Can I tell you my worst nightmare?
I’m lying in bed in a nursing home, sick and dying, gasping for breath, knowing that any minute now I’ll be passing into the great beyond. And I’m scared, really, really scared, because I’m all alone, and I don’t know what’s going to happen, and oh God, it hurts so much…
But then it stops. My body goes limp, my last breath rattles from my lungs, my bowels release, and the heart monitor beside the bed flat lines, loudly proclaiming the end of the great and mighty Jon Morrow.
A few moments later, a nurse walks into the room, checks my pulse, and looks at her watch. She writes down my time of death on a form, pulls the sheet over my head, and goes back to her office, where she calls the morgue. A day or two later, I’m cremated with five other bodies, all of us too unimportant to even get our own urn.
And the worst part?
The next day, the sun comes up. The birds are singing. People eat breakfast, go to work, attend meetings… and nobody even notices I’m gone. The great wheel keeps on turning, and for better or worse, I’m forgotten. Goodbye cruel world, nobody gave a damn about me after all.
Scary, isn’t it?
Just writing it down gives me the willies.
It’s not just dying, although that’s certainly gruesome. It’s being forgotten. Down deep, I believe all of us have a primal need to be remembered, to pass something on to future generations, to leave some mark on the world saying, “I was here.”
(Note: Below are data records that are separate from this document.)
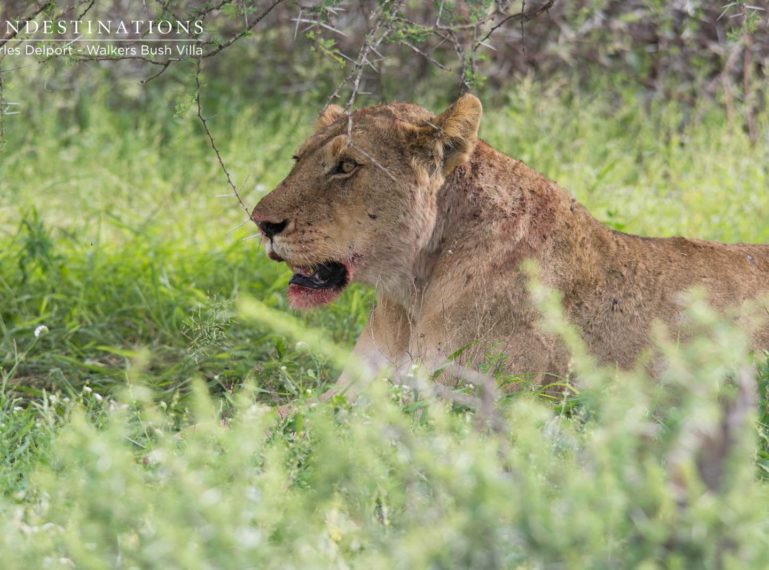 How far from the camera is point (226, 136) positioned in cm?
884

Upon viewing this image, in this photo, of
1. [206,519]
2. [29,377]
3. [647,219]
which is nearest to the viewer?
[206,519]

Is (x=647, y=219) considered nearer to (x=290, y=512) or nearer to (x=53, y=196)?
(x=53, y=196)

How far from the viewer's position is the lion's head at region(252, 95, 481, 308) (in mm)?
4043

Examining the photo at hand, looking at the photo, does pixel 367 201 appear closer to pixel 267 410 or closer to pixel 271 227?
pixel 271 227

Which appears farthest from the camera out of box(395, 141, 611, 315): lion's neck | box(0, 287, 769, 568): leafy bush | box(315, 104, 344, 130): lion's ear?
box(315, 104, 344, 130): lion's ear

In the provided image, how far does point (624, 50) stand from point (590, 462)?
23.7ft

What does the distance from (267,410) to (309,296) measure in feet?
2.80

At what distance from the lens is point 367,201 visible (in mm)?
4078

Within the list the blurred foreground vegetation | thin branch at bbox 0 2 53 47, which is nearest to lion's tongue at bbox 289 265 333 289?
the blurred foreground vegetation

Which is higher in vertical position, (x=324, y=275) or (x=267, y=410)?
(x=324, y=275)

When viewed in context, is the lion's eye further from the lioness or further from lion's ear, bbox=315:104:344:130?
lion's ear, bbox=315:104:344:130

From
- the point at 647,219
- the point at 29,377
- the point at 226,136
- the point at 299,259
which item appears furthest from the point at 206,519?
the point at 226,136

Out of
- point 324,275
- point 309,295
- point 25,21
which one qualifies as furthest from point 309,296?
point 25,21

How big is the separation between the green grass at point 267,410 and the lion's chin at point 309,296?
0.83ft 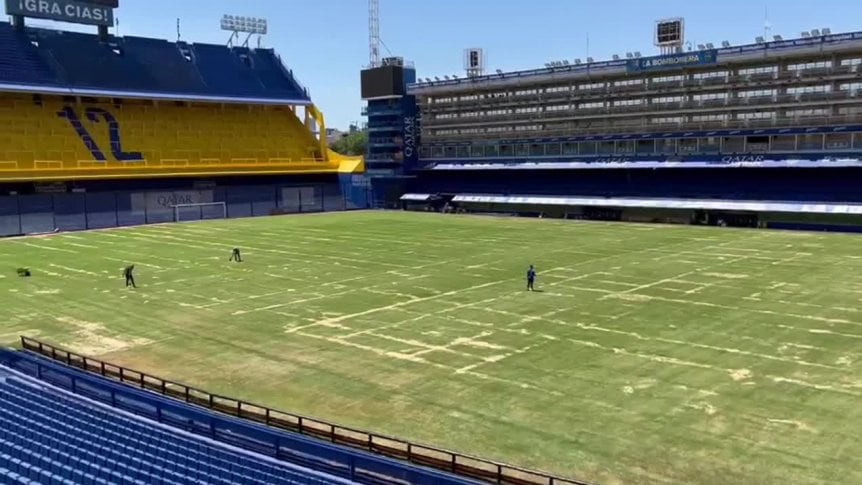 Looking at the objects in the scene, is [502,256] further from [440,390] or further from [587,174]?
[587,174]

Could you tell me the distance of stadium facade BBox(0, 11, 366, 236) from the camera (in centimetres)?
6738

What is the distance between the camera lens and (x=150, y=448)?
13.9m

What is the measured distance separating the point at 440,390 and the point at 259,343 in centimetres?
799

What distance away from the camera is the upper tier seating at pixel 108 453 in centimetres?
1223

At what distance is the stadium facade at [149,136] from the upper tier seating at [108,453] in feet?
179

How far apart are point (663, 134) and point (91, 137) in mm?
56355

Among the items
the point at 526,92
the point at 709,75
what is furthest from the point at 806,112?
the point at 526,92

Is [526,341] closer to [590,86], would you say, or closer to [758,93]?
[758,93]

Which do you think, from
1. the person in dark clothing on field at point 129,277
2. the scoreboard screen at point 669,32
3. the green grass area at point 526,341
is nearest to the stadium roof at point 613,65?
the scoreboard screen at point 669,32

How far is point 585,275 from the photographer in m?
37.5

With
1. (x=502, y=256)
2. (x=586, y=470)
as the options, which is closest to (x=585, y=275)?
(x=502, y=256)

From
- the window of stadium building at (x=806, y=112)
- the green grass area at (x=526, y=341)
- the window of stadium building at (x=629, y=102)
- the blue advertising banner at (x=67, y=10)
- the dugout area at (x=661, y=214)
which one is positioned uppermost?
the blue advertising banner at (x=67, y=10)

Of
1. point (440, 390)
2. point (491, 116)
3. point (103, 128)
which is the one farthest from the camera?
point (491, 116)

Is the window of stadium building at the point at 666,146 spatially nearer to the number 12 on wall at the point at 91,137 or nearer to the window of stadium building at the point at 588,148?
the window of stadium building at the point at 588,148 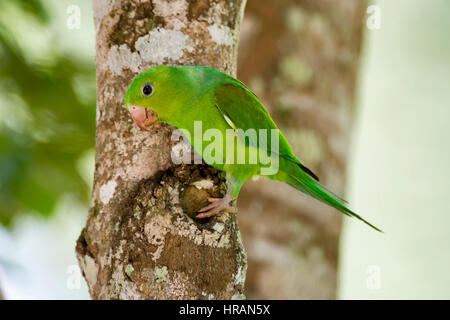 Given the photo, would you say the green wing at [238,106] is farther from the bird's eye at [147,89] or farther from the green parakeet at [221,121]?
the bird's eye at [147,89]

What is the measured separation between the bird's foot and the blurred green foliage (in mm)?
1907

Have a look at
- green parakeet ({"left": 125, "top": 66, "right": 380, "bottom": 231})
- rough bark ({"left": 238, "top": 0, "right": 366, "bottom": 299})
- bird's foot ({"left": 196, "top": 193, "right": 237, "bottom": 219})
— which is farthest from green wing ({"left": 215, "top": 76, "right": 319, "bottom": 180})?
rough bark ({"left": 238, "top": 0, "right": 366, "bottom": 299})

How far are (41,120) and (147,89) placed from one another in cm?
173

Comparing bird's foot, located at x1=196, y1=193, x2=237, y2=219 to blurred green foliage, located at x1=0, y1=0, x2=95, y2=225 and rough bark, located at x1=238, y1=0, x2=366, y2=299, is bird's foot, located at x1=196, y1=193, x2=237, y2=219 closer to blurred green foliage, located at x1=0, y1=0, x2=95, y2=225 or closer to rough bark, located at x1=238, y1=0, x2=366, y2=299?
blurred green foliage, located at x1=0, y1=0, x2=95, y2=225

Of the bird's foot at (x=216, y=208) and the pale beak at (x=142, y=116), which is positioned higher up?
the pale beak at (x=142, y=116)

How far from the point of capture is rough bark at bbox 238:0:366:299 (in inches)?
170

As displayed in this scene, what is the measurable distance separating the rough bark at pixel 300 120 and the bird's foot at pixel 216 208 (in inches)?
79.4

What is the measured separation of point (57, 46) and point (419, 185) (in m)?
5.73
If we’re being honest, I think maybe that’s one of the reasons many of us start blogging or freelance writing. There’s something immensely comforting about knowing your thoughts are out there for the whole world to read. You could kick the bucket tomorrow, but your words will live on, teaching, inspiring, and taking root in the minds of readers for generations to come.
Or at least that’s the idea.
What really happens, of course, is that you pour your heart and soul into a post, and no one seems to care. No comments, no links, no nothing. Come on over, friends, and check out my blog. We’re watching my ideas die in real time. Yuk, yuk, yuk.
And it’s disturbing.
When you pull up your blog, and you see it says “0 comments” next to every post, you feel like nothing has changed. Once again, you’re slipping through the cracks, passing into oblivion, one more nobody with a stupid little blog, God save your soul.
The good news?
It can change. You just have to realize your writing by itself isn’t a magic key to immortality. If you want that, you have to be unforgettable. You have to touch people so deeply, connect with them so powerfully that your ideas are burned into their minds.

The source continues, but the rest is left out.